Young rioters clashed with police late on Saturday and early on Sunday and targeted a mayor’s home with a burning car as France faced a fifth night of unrest sparked by the police killing of a teenager, but overall violence appeared to be reduced compared with previous nights.
Police had made 719 arrests nationwide by early Sunday after a mass security deployment aimed at quelling France’s worst social upheaval in years.
The fast-spreading crisis is posing a new challenge to French president Emmanuel Macron’s leadership and exposing deep-seated discontent in low-income neighbourhoods over discrimination and lack of opportunity.
The 17-year-old whose death on Tuesday spawned the anger, identified only by his first name, Nahel, was buried on Saturday in a Muslim ceremony in his hometown of Nanterre, a Paris suburb where emotion over his loss remains raw.
As night fell over the French capital, a small crowd gathered on the Champs-Elysees for a protest over Nahel’s death and police violence but met hundreds of officers with batons and shields guarding the famous avenue and its Cartier and Dior boutiques.
In a less-chic area of northern Paris, protesters set off volleys of firecrackers and set barricades alight as police responded with tear gas and stun grenades.
A burning car hit the home of the mayor of the Paris suburb of l’Hay-les-Roses overnight.
Several schools, police stations, town halls and shops have been targeted by fires or vandalism in recent days but such a personal attack on a mayor’s home is unusual.
Skirmishes erupted in the Mediterranean city of Marseille but appeared less intense than the night before, according to the Interior Ministry.

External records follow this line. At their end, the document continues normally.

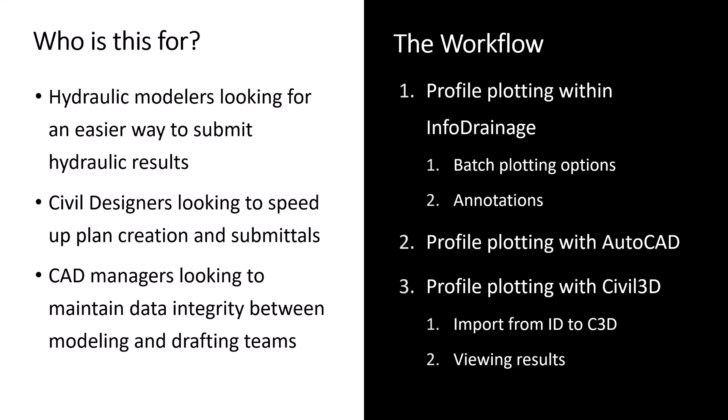So the workflow that we'll follow, again, we're going to look at three different methods for plotting these HGLs and EGLs. So first, we'll demonstrate some native tools within InfoDrainage that you can plot directly from within the software. Look at some options to batch plot multiple profiles and add annotations.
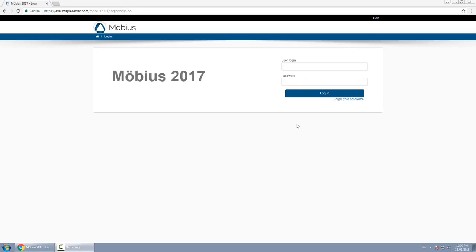Depending on how your platform is set up, you may already have your login and password. If not, you should contact your administrator to receive them. You simply type it in, click login, and it'll take you into the platform.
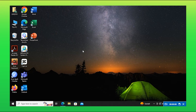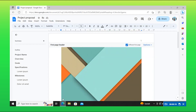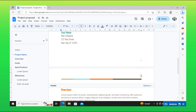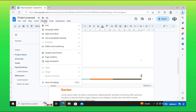Hi everyone, in this video I will show you how to change the page number in Google Docs. Firstly, open Google Docs from your browser. Next, select the Format tab from the menu bar. From there, you have to select Page Number.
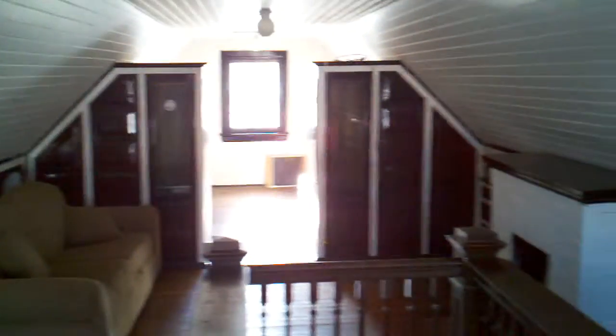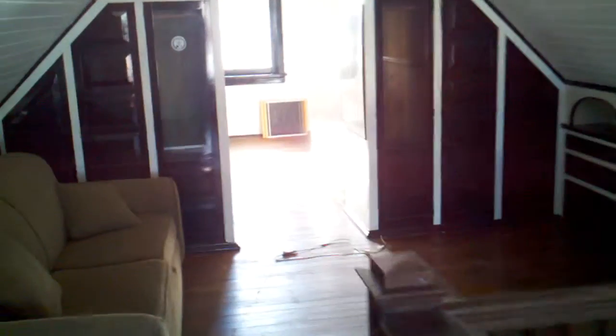This is the upstairs room, the loft. It's kind of a separate room. It's got a couple of different rooms in here and some nice cubby holes to store stuff.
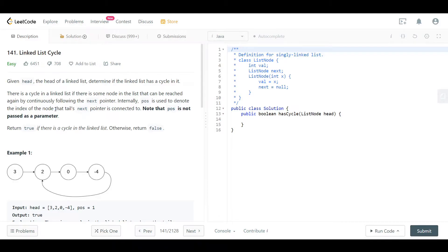Hello everyone, welcome back. Today we are looking at question 141, which is Linked List Cycle. As always, we will read the question, look at the examples, then go to the blackboard to explain the theory, then come back to code the solution and look at the time and space complexity.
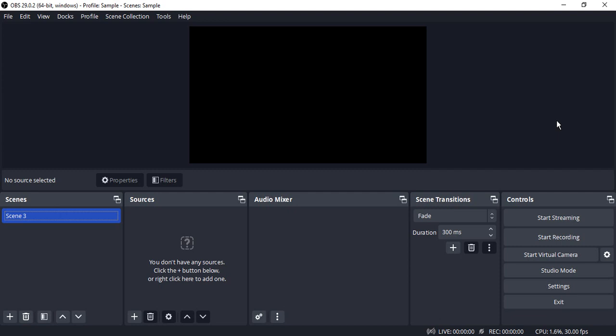Hello everyone, welcome to OBS Studio tutorials. In this video we are going to see how you can capture a Microsoft Edge window in your OBS Studio. The process is pretty simple.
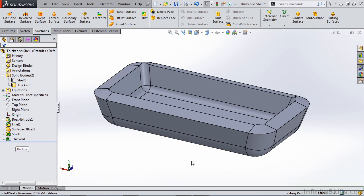The two key differences that you'll notice when dealing with thicken and shell is that the shell is going to take the external shape of our solid without modifying it. It's just going to remove material from the inside. When you thicken a surface, you're thickening in the normal direction to that surface.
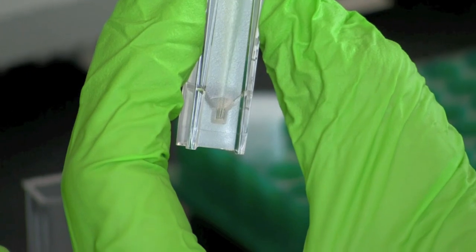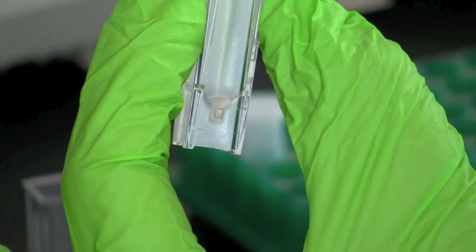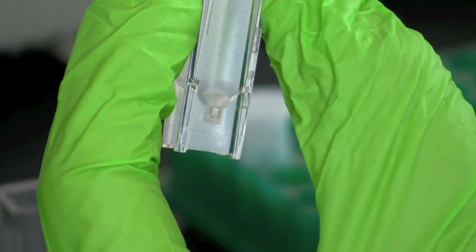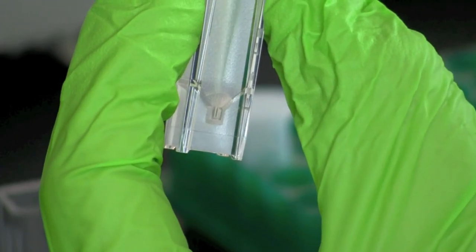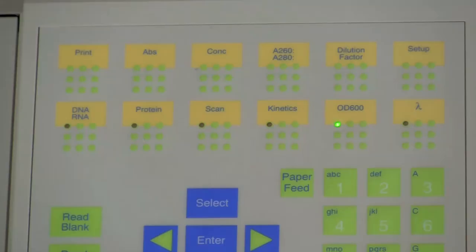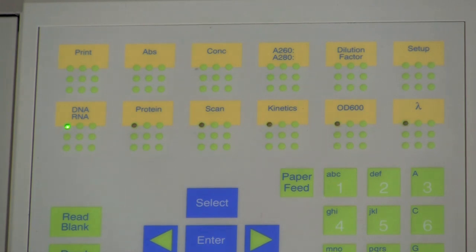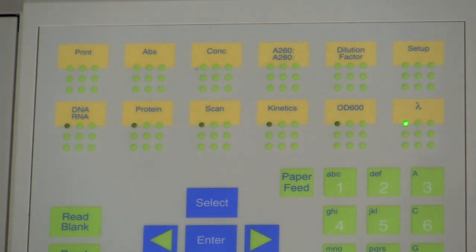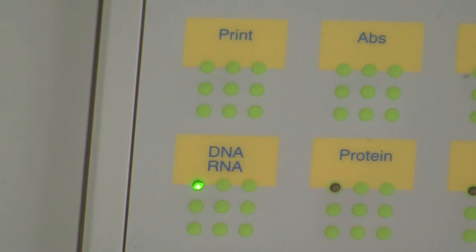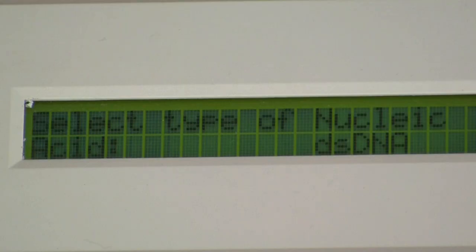Pipette up and down to mix the sample. Set the spectrophotometer to its DNA quantitation setting. Your screen should show that you have selected for DNA.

A beefed-up police contingent arrested 55 people there.
Nationwide arrests were somewhat lower than the night before, which Interior Minister Gerald Darmanin attributed to “the resolute action of security forces”.
Some 2,800 people have been detained overall since Nahel’s death on Tuesday.
The mass police deployment has been welcomed by some frightened residents of targeted neighbourhoods and shop owners whose stores have been ransacked – but it has further frustrated those who see police behaviour as the core of France’s current crisis.
The unrest took a toll on Mr Macron’s diplomatic standing.
German President Frank-Walter Steinmeier’s office said Mr Macron phoned on Saturday to request a postponement of what would have been the first state visit by a French president to Germany in 23 years. Mr Macron had been scheduled to fly to Germany on Sunday.
Hundreds of French police and firefighters have been injured in the violence that erupted after the killing, though authorities have not released injury tallies of protesters.
In French Guiana, an overseas territory, a 54-year-old died after being hit by a stray bullet.
On Saturday, France’s justice minister, Eric Dupond-Moretti, warned that young people who share calls for violence on Snapchat or other apps could face legal prosecution. Mr Macron has blamed social media for fuelling violence.
The violence comes just over a year before Paris and other French cities are due to host Olympic athletes and millions of visitors for the Summer Olympics, whose organisers were closely monitoring the situation as preparations for the competition continue.
At a hilltop cemetery in Nanterre, hundreds stood along the road on Saturday to pay tribute to Nahel as mourners carried his white coffin from a mosque to the burial site.
His mother, dressed in white, walked inside the cemetery amid applause and headed towards the grave. Many of the men were young and Arab or black, coming to mourn a boy who could have been them.
This week, Nahel’s mother told France 5 television that she was angry at the officer who shot her son at a traffic stop, but not at the police in general.
“He saw a little Arab-looking kid. He wanted to take his life,” she said. Nahel’s family has roots in Algeria.
Video of the killing showed two officers at the window of the car, one with his gun pointed at the driver. As the teenager pulled forward, the officer fired once through the windscreen. The officer accused of killing Nahel was given a preliminary charge of voluntary homicide.
Thirteen people who did not comply with traffic stops were fatally shot by French police last year, and three this year, prompting demands for more accountability.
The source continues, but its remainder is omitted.